*** MATERIAL PROVIDED ***

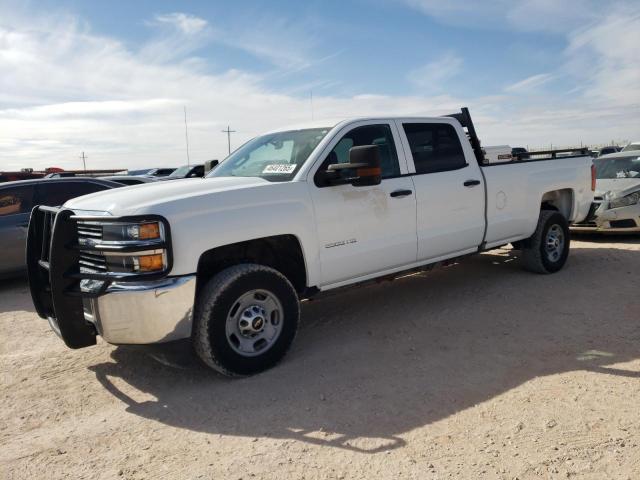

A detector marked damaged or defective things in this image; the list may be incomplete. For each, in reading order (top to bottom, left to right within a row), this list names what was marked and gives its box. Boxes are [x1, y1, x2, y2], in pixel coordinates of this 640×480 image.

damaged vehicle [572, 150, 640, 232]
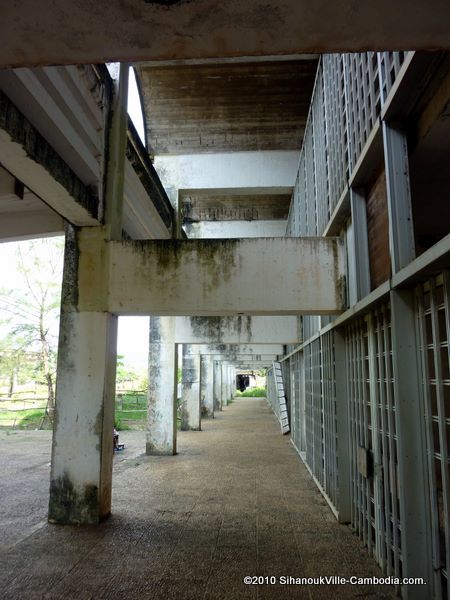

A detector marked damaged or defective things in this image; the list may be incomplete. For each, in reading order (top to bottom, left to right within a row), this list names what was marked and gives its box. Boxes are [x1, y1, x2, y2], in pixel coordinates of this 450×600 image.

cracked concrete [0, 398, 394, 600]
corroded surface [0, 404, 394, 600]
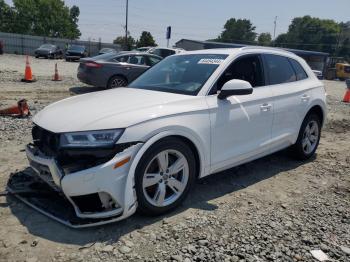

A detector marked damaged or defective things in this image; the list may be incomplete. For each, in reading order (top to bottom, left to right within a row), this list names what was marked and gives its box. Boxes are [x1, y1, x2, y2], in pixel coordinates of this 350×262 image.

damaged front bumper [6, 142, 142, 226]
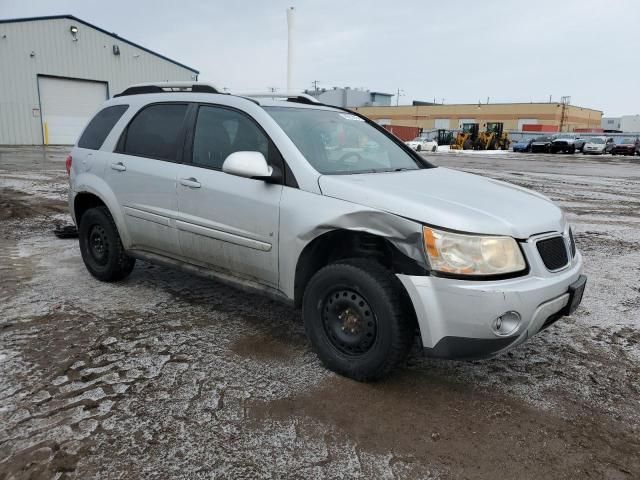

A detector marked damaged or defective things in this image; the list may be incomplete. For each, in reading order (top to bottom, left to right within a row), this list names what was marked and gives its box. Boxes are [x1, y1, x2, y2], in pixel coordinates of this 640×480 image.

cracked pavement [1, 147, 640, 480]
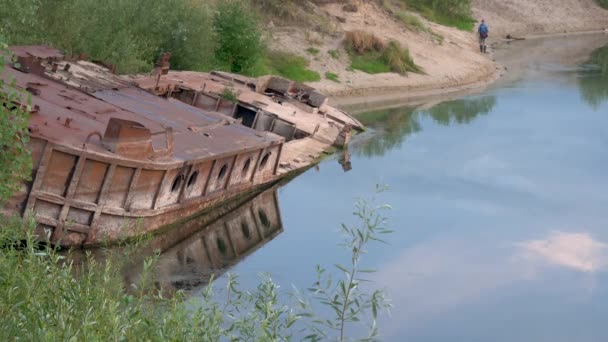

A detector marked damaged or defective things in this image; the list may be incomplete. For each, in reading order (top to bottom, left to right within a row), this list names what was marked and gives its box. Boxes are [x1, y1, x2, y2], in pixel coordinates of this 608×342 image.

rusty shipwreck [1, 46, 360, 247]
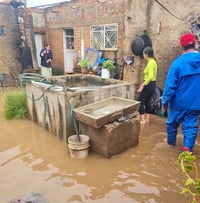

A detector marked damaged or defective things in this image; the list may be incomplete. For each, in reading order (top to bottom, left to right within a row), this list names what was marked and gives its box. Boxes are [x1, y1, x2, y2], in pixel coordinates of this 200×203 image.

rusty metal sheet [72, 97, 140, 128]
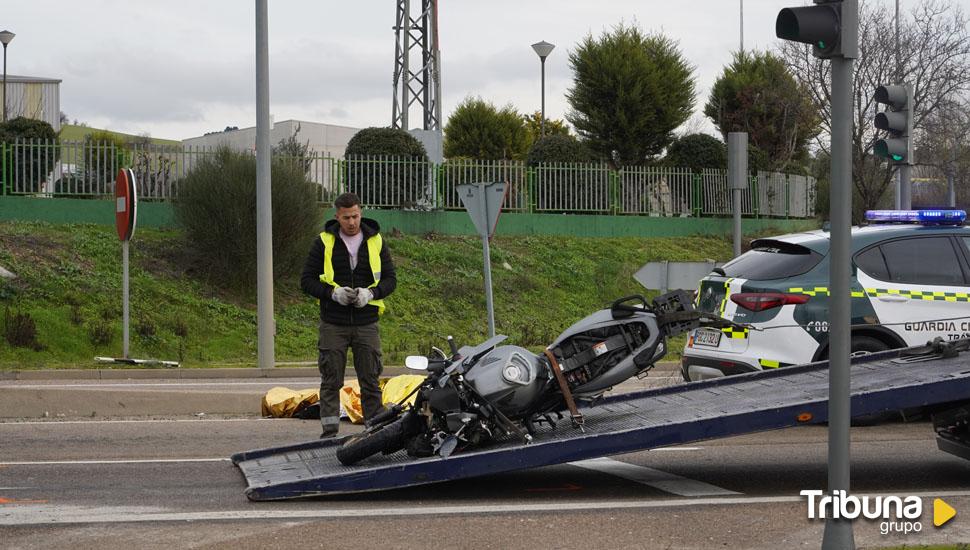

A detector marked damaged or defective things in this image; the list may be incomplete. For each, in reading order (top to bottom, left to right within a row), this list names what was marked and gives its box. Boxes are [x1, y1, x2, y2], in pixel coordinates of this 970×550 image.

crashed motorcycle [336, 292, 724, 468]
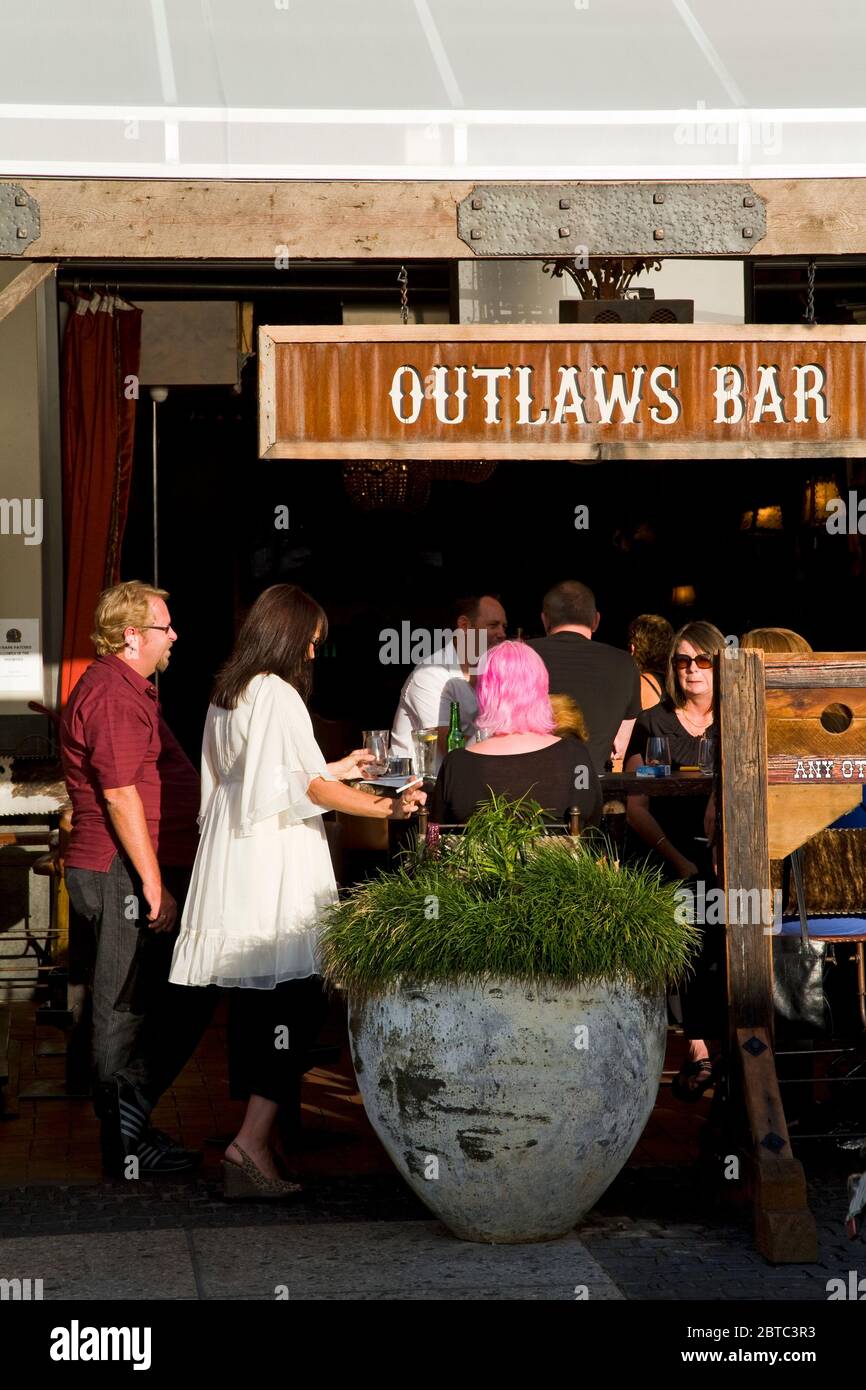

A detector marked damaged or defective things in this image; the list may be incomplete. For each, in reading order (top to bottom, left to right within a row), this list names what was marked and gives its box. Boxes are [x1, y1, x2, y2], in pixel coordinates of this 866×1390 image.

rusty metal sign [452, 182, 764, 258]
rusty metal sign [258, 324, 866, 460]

*** End of MATERIAL PROVIDED ***

TASK OBJECTIVE: Look for "this 866×1390 image." in the records. Write out its line and every later line through the end exactly, with nothing more.

EXERCISE OUTPUT:
A detector marked damaged or defective things in this image; the list may be incomplete. For each, in reading order (top to bottom, left to right within a row), this list names what was marked and gives its box. Boxes are [x1, y1, x2, y2], in pixel coordinates of this 866×1390 image.

rusty metal sign [452, 182, 764, 258]
rusty metal sign [258, 324, 866, 460]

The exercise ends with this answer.